Immigration Police Director Francisco Castaing told The Tico Times this week that the school, in which women are trained nightly in the tricks of the trade, was brought to light by a Dominican sex worker who had been to the school and tipped off authorities.
Castaing, who investigated the case, suspects the organization is led by three Dominicans, two men and a woman, who recruit women from the Dominican Republic and charge them up to $3,500 to bring them here to work as prostitutes. Of 54 sex workers investigated in the case, 52 were Dominicans.
“Many of them weren’t prostitutes in the Dominican Republic, they were secretaries or mothers. But they offer them a chance to come here to paradise and they teach them how to recruit men at a course from 6-7 each night,” Castaing said.

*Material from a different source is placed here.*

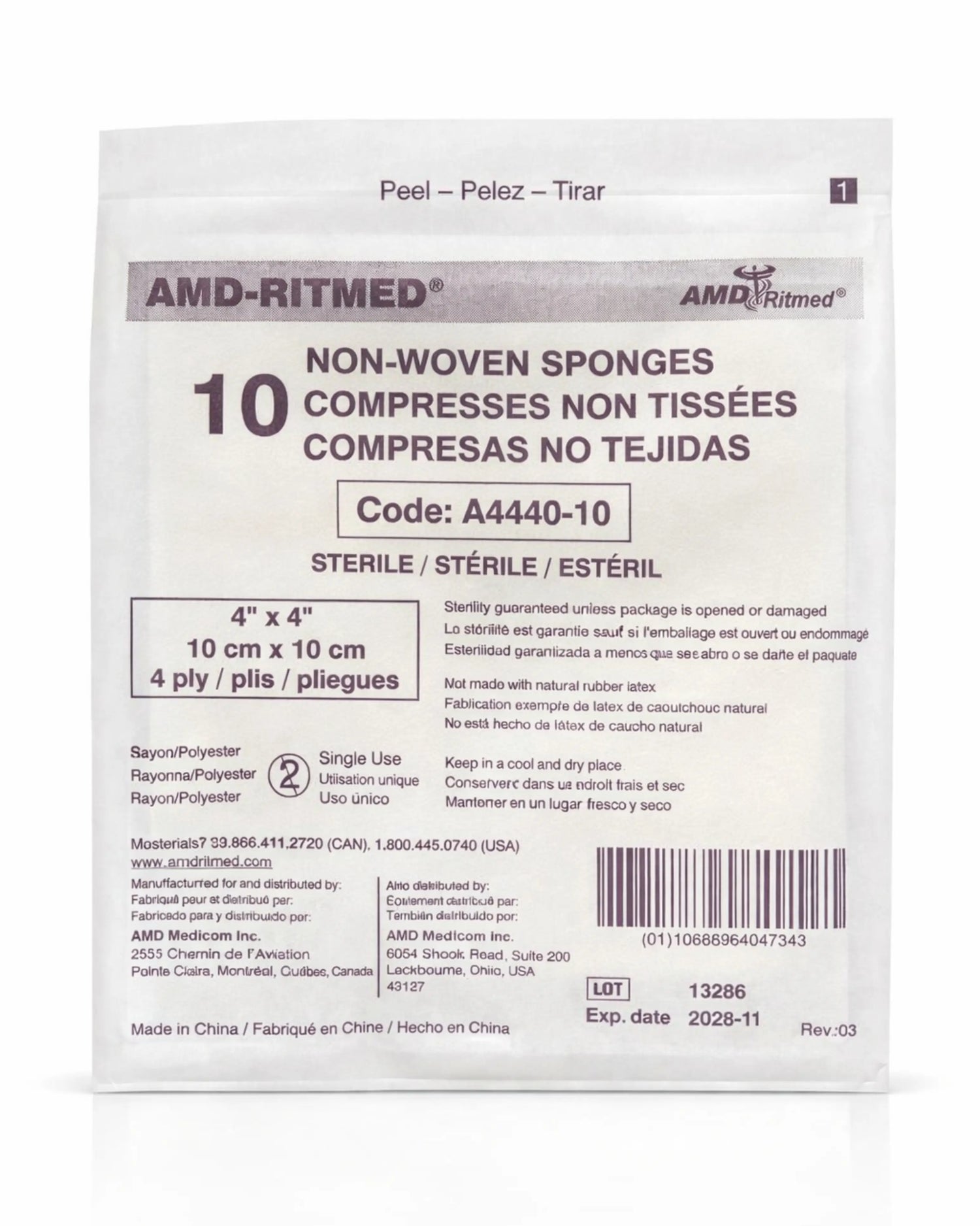 4" x 4" Non-Woven Sponges Sterile 4 Ply 10's | 1000/Case | A4440-10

The organization’s leaders also helped women find Ticos for marriages of convenience with the goal of obtaining legal residency, according to Castaing. Ultimately, women were promised that if they came to Costa Rica they could gain easier migratory access to the United States and Europe, since there are fewer requirements to travel to the two regions as a Costa Rican than as a Dominican, Castaing said.
There is an Immigration reform proposal in the Legislative Assembly now that would crack down on marriages of convenience with tougher punishments (TT, June 15).
Prostitution is legal in Costa Rica for those over 18, though Castaing suspects there could be pimping or human trafficking involved with the school, which are illegal activities. Castaing said only seven of the 54 women investigated are being deported because they had no documentation.
He said the investigation is ongoing, and that Immigration authorities haven’t been able to pinpoint identities of the leaders of the school nor the school’s exact location.